You will learn how to work with DHS/NFHS-type survey datasets using RStudio, starting from data preparation and variable modification to descriptive, univariate, and bivariate analysis. The course covers both unweighted and survey-weighted (svy) analysis, including correct handling of sampling weights, clusters, and strata.
Key topics include descriptive statistics, chi-square tests, t-tests, bar diagrams, box plots, and logistic regression for binary outcomes such as stunting, underweight, and wasting. You will learn how to estimate unadjusted and adjusted odds ratios, change reference categories, interpret results correctly, and generate publication-ready tables using the gtsummary package.
The course also emphasizes data visualization with ggplot2, showing how to create clean, professional graphs suitable for theses, reports, and journal articles.
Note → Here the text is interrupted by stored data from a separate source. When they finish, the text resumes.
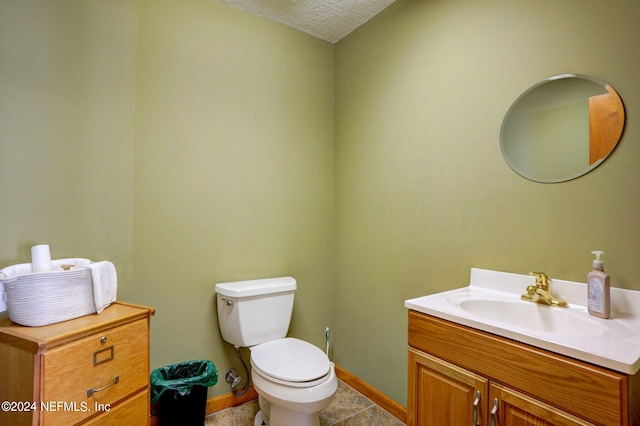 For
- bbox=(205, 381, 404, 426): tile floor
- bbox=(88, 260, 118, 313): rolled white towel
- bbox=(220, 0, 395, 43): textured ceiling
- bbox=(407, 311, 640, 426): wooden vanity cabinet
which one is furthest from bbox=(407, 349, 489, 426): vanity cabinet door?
bbox=(220, 0, 395, 43): textured ceiling

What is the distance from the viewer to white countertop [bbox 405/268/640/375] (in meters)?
0.81

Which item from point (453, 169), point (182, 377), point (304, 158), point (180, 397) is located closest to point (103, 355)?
point (180, 397)

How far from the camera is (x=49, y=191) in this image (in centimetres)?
147

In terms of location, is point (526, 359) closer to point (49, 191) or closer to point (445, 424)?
point (445, 424)

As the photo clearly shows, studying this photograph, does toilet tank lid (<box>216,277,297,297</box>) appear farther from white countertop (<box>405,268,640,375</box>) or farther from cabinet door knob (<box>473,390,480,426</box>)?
cabinet door knob (<box>473,390,480,426</box>)

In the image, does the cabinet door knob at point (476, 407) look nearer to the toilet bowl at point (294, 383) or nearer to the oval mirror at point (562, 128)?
the toilet bowl at point (294, 383)

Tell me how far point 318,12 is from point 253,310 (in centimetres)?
192

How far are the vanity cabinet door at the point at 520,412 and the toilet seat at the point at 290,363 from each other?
2.47 feet

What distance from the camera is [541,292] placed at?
124cm

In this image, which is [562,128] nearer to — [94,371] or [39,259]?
[94,371]

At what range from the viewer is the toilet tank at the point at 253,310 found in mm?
1790

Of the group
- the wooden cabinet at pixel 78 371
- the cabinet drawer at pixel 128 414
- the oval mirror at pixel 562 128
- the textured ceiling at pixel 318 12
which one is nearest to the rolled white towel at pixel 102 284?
the wooden cabinet at pixel 78 371

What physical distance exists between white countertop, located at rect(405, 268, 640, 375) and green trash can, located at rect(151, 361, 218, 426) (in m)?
1.18

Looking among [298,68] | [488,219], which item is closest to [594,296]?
[488,219] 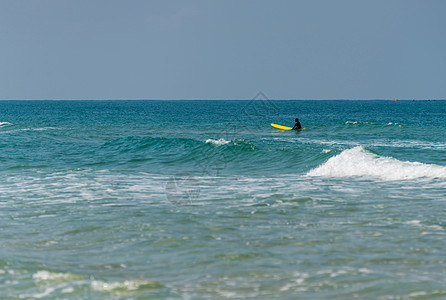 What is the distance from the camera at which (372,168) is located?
21391 mm

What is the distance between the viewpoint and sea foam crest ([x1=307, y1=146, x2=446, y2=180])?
64.7 feet

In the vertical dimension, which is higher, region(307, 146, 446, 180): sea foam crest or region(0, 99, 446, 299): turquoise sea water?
region(307, 146, 446, 180): sea foam crest

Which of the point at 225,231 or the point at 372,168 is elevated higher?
the point at 372,168

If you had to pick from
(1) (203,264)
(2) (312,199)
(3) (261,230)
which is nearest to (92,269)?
(1) (203,264)

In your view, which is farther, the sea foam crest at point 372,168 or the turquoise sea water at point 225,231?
the sea foam crest at point 372,168

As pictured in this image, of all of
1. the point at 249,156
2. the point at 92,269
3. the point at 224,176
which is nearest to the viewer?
the point at 92,269

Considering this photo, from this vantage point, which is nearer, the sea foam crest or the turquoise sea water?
the turquoise sea water

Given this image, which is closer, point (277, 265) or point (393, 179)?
point (277, 265)

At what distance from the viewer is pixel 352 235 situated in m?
10.9

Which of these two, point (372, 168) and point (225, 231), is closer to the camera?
point (225, 231)

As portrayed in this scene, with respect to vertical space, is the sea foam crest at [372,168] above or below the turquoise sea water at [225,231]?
above

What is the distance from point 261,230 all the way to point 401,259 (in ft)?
10.4

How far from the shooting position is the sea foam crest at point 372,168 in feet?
64.7

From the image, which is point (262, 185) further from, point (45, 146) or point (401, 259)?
point (45, 146) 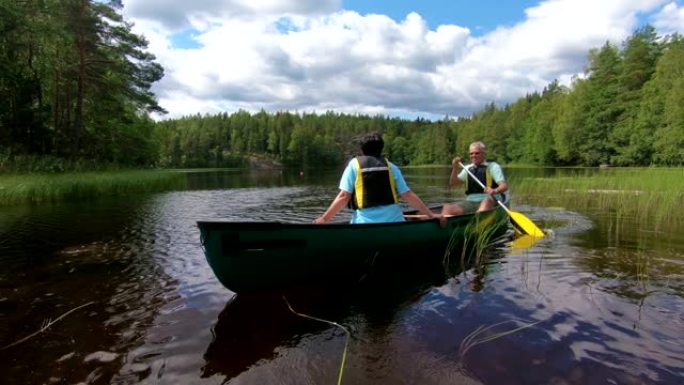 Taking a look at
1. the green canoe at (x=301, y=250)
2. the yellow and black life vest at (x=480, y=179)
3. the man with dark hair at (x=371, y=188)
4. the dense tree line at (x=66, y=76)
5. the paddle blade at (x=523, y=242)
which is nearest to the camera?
→ the green canoe at (x=301, y=250)

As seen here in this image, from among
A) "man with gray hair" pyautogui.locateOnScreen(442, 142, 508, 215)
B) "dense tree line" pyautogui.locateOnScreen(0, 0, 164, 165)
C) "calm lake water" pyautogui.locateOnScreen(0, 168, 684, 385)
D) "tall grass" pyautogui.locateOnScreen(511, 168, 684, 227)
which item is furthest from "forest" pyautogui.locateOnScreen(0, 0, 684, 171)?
"tall grass" pyautogui.locateOnScreen(511, 168, 684, 227)

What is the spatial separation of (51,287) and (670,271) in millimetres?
8695

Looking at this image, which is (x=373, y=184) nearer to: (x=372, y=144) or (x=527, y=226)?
(x=372, y=144)

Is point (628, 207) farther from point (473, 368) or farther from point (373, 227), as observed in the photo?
point (473, 368)

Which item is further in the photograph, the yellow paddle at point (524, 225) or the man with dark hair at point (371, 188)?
the yellow paddle at point (524, 225)

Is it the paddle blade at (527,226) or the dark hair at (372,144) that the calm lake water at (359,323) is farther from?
the dark hair at (372,144)

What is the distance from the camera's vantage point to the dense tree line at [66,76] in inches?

You will learn how to export tables and figures to Microsoft Word while preserving formatting.
This is a hands-on, applied course, using real DHS-style data examples from countries such as Bangladesh, India, Nepal, Ethiopia, Nigeria, Kenya, and Tanzania. Advanced topics such as GEE, multilevel models, and longitudinal analysis will be added progressively.
By the end of this course, you will be confident in analyzing survey data in RStudio and producing results ready for academic publication and policy research.